Niekiedy dorośli potrafią mieć większe problemy z zaadaptowaniem się do nowych warunków niż dzieci. Nie zmienia to jednak faktu, że posłanie dziecka do żłobka nieco ułatwia jego adaptację w nowym środowisku, jakim jest przedszkole. Jeżeli jednak nasza pociecha trafia do przedszkola prosto z domu, nie znając innego środowiska, to tak właściwie możemy się spodziewać wszystkiego - jedno dziecko zareaguje ekscytacją a inne wpadnie w histerię. Dowiedz się, jak przygotować dziecko na pierwszy dzień w przedszkolu?

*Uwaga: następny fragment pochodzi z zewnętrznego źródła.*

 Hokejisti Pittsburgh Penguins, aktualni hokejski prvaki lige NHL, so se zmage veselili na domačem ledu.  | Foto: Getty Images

Przedszkole, w ocenie samego malucha, może naruszać jego dotychczasową, dobrze mu znaną strefę komfortu, z której nagle został wyprowadzony. Jest to coś, czego raczej nie da się uniknąć jednak można skutecznie i bezstresowo się do tego przygotować.
Obawy rodzica przed przedszkolem
Wielu współczesnych dorosłych uczęszczało kiedyś do tej samej placówki, do której teraz chcą posłać swoje dziecko. Mimo to, ci sami dorośli, którzy sami mają dzieci, mają jednocześnie swoje, bywa, że całkiem spore obawy przed oddaniem dziecka pod opiekę przedszkola. Nie stresuje nas to, czego nie jesteśmy świadomi. Rodzice czasami aż za bardzo martwią się tym, co też ich córkę lub syna czeka w tym całym przedszkolu. Drogi rodzicu, opiekunie, niech Twoja pierwsza wizyta w wybranej placówce nie przypadnie na pierwszy dzień Twojego dziecka w niej. Zapoznaj się wcześniej z tym, jak w tym konkretnym miejscu wygląda zakres opieki nad maluchami. Poznaj zasady tam panujące. Skonfrontuj swoje własne odczucia, swoje własne emocje oraz myśli i tym samym spróbuj zmierzyć się ze wszystkimi swoimi obawami.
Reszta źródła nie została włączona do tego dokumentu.